_TASK BRIEF_:
Which lines run from the one containing "Blaine Upholstered Reversible" to the end of the listing? Copy them out exactly, leaving out the rest.

_RAW DATA_:
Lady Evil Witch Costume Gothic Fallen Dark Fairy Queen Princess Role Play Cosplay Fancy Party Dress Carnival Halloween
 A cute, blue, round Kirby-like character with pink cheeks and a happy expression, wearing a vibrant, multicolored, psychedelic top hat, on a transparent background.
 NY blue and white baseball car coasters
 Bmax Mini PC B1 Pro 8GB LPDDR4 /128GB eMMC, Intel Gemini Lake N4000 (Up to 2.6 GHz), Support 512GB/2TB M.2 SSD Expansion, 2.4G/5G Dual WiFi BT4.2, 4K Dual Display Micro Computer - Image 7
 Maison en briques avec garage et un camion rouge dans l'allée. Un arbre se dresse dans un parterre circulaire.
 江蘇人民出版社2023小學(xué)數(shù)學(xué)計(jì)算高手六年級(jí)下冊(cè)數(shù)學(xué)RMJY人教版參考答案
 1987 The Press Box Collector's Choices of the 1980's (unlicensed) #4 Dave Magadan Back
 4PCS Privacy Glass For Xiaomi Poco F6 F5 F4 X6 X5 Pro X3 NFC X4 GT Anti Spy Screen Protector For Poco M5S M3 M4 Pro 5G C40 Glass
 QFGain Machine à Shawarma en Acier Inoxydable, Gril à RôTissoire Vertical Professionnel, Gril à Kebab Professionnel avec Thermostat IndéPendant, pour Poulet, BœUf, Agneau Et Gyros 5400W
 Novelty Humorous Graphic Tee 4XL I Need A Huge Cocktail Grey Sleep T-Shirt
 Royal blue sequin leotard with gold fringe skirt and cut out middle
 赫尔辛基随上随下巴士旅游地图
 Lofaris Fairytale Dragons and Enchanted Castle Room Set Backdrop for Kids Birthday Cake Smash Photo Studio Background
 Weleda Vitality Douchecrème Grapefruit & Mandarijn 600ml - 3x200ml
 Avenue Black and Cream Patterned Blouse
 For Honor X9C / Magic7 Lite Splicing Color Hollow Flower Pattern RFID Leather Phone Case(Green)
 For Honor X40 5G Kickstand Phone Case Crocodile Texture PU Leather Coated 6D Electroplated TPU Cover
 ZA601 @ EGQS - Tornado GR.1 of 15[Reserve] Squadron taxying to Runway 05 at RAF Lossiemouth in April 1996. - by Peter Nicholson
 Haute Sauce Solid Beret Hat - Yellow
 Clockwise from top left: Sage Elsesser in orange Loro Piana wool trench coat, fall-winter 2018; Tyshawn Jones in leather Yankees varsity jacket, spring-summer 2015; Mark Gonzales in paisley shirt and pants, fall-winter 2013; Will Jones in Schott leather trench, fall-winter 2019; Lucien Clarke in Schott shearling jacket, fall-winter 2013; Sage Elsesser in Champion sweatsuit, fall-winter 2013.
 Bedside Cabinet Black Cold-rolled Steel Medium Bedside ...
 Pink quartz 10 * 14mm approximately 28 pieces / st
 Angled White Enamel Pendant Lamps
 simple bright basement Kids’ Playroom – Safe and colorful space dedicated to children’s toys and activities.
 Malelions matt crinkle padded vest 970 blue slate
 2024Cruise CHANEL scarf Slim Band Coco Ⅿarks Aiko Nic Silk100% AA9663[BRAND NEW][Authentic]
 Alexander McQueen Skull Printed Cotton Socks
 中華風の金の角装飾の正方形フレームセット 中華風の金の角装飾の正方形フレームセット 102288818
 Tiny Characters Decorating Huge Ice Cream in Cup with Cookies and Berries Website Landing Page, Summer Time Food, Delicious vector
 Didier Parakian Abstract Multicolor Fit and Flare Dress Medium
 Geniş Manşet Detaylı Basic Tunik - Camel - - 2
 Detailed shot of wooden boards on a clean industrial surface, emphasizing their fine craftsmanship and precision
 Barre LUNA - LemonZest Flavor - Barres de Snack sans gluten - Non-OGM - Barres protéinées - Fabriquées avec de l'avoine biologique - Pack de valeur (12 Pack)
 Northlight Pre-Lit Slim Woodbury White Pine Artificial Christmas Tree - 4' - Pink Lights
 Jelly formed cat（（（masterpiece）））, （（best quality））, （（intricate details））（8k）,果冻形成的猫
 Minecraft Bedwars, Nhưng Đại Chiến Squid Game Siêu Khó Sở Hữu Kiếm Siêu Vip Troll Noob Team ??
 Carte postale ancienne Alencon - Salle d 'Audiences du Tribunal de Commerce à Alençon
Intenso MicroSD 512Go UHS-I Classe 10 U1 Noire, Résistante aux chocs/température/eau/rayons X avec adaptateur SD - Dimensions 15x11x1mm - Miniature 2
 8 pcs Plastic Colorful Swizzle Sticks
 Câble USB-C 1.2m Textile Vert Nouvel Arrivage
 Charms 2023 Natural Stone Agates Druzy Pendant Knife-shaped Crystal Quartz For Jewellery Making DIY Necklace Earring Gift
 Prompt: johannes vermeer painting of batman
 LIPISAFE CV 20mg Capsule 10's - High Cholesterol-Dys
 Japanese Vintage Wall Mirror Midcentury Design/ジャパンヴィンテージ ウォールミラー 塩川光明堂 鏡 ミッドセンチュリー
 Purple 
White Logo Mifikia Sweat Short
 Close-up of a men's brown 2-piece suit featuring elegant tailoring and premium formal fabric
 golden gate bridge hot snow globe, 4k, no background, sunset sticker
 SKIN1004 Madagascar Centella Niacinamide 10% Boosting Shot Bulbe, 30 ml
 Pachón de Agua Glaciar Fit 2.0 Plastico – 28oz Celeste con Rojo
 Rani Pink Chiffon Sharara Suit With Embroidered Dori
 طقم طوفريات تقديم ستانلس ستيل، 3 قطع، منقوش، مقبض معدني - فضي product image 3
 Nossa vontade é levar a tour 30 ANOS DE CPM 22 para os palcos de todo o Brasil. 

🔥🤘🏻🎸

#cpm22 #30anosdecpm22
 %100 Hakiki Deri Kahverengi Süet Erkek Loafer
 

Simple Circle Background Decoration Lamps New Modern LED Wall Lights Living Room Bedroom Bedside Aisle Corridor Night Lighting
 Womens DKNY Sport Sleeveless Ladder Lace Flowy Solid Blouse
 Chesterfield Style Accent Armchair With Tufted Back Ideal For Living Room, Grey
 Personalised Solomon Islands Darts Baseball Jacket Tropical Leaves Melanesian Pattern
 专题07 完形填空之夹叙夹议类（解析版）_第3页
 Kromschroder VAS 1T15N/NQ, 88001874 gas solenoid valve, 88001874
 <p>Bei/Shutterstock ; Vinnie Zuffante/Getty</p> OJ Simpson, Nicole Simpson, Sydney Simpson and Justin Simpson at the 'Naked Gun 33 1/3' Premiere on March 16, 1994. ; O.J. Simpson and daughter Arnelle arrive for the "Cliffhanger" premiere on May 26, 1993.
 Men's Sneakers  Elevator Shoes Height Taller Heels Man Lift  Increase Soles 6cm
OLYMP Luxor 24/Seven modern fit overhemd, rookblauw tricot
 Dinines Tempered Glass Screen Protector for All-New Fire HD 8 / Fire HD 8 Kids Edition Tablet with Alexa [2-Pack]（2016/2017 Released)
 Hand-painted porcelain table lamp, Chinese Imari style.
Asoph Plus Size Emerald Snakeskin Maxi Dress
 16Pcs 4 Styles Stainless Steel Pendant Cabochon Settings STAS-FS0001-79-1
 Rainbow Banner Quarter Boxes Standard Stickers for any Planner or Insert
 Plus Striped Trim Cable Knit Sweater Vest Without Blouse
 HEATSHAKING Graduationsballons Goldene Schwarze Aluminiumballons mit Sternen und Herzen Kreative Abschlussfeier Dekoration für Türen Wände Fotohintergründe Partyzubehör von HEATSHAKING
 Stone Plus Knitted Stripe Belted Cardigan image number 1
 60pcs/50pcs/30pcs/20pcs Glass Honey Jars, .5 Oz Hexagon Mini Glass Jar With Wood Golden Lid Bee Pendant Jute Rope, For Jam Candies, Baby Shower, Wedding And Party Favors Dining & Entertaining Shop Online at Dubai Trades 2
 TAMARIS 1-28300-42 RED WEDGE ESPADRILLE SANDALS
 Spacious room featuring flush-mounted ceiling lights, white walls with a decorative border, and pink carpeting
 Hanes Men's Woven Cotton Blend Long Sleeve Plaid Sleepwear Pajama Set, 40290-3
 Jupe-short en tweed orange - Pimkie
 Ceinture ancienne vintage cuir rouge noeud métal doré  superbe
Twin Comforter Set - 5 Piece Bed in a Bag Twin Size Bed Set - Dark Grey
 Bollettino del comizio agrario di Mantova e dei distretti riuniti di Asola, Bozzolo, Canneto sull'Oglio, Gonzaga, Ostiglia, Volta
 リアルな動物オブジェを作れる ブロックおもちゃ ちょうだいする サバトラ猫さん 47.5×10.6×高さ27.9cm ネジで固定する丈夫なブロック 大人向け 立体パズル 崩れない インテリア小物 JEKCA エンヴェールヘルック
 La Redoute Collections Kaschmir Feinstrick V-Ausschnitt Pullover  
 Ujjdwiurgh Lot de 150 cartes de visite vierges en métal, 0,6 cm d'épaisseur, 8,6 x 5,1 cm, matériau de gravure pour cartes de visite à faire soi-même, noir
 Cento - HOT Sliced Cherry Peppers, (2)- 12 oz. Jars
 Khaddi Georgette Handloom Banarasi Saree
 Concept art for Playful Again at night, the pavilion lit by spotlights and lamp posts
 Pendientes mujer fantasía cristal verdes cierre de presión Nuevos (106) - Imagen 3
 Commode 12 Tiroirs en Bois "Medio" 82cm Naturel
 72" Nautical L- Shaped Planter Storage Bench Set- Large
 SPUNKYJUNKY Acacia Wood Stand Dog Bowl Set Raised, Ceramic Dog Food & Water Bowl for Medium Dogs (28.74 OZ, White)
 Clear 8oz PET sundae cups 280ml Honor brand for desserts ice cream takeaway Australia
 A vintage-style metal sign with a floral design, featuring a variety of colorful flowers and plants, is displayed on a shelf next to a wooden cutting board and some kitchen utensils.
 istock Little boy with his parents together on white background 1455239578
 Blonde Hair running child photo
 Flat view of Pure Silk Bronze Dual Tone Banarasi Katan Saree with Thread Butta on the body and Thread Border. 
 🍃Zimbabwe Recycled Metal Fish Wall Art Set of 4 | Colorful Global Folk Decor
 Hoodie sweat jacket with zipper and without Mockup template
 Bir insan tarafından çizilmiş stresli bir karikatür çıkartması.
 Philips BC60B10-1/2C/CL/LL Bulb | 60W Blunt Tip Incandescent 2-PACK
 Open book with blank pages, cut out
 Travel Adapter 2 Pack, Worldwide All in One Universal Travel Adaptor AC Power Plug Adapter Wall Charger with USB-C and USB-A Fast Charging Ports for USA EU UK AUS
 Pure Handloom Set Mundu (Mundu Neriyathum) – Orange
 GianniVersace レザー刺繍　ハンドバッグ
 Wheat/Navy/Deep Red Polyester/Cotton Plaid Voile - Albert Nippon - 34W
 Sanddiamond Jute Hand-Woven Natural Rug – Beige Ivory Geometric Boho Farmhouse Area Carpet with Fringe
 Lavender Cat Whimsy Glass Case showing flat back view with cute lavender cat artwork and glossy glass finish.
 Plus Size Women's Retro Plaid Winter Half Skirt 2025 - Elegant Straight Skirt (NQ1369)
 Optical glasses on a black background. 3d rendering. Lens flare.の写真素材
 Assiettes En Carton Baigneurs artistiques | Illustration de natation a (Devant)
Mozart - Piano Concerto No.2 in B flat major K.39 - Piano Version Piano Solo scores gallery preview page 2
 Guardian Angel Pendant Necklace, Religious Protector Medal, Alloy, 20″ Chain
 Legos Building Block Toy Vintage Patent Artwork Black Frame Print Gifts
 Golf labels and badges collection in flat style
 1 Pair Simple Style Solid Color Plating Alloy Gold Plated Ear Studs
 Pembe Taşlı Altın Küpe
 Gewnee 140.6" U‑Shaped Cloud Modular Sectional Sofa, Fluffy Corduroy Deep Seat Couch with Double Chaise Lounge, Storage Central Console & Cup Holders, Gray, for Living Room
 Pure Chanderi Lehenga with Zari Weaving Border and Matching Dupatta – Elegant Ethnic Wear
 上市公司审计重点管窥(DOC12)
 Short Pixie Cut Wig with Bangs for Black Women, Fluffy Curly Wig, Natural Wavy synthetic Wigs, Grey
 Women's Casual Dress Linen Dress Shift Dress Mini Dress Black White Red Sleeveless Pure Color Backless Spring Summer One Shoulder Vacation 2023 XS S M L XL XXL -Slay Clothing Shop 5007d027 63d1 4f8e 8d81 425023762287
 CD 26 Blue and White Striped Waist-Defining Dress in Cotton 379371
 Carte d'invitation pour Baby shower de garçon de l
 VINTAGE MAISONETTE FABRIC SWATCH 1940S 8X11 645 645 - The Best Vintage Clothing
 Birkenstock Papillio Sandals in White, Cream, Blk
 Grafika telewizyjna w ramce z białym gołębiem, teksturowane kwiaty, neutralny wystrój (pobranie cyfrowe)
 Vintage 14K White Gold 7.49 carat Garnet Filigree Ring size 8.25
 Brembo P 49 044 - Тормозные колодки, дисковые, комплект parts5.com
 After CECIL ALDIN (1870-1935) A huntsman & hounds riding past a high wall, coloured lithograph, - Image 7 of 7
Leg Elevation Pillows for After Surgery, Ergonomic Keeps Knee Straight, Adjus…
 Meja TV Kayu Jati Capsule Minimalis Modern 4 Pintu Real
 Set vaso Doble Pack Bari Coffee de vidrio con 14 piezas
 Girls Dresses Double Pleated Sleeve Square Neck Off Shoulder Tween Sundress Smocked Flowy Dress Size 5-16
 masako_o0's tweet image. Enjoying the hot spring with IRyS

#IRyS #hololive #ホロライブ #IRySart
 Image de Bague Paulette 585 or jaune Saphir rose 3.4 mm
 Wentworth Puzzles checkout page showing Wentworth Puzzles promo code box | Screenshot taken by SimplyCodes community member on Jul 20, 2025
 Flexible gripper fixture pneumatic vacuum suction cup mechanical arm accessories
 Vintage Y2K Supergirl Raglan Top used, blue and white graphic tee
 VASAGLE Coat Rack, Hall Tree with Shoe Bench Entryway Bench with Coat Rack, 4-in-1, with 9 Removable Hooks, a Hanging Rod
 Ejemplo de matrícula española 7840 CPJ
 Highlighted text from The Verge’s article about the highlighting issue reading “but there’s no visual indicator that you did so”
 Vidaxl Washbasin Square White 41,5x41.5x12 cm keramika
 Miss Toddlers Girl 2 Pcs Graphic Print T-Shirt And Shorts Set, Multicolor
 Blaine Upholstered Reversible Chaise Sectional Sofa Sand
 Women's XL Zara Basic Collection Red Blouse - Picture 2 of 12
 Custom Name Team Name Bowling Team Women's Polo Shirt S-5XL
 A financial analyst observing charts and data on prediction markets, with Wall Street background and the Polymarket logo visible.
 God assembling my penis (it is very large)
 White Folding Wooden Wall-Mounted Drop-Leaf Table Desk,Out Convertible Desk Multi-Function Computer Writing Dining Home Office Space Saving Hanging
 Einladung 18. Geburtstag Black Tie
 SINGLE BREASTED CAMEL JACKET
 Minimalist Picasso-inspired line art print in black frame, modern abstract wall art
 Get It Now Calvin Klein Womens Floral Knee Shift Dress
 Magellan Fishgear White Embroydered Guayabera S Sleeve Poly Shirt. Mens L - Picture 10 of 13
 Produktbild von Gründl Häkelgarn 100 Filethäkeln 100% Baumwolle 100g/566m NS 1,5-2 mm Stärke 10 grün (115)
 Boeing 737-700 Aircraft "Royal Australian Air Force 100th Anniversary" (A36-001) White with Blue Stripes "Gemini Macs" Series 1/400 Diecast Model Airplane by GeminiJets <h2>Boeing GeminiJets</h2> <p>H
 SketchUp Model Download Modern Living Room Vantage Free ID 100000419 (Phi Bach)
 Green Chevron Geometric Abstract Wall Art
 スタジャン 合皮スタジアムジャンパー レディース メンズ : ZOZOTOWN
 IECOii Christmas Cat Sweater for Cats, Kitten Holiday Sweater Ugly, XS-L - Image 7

_OUTPUT FOR THIS EXERCISE_:
 Blaine Upholstered Reversible Chaise Sectional Sofa Sand
 Women's XL Zara Basic Collection Red Blouse - Picture 2 of 12
 Custom Name Team Name Bowling Team Women's Polo Shirt S-5XL
 A financial analyst observing charts and data on prediction markets, with Wall Street background and the Polymarket logo visible.
 God assembling my penis (it is very large)
 White Folding Wooden Wall-Mounted Drop-Leaf Table Desk,Out Convertible Desk Multi-Function Computer Writing Dining Home Office Space Saving Hanging
 Einladung 18. Geburtstag Black Tie
 SINGLE BREASTED CAMEL JACKET
 Minimalist Picasso-inspired line art print in black frame, modern abstract wall art
 Get It Now Calvin Klein Womens Floral Knee Shift Dress
 Magellan Fishgear White Embroydered Guayabera S Sleeve Poly Shirt. Mens L - Picture 10 of 13
 Produktbild von Gründl Häkelgarn 100 Filethäkeln 100% Baumwolle 100g/566m NS 1,5-2 mm Stärke 10 grün (115)
 Boeing 737-700 Aircraft "Royal Australian Air Force 100th Anniversary" (A36-001) White with Blue Stripes "Gemini Macs" Series 1/400 Diecast Model Airplane by GeminiJets <h2>Boeing GeminiJets</h2> <p>H
 SketchUp Model Download Modern Living Room Vantage Free ID 100000419 (Phi Bach)
 Green Chevron Geometric Abstract Wall Art
 スタジャン 合皮スタジアムジャンパー レディース メンズ : ZOZOTOWN
 IECOii Christmas Cat Sweater for Cats, Kitten Holiday Sweater Ugly, XS-L - Image 7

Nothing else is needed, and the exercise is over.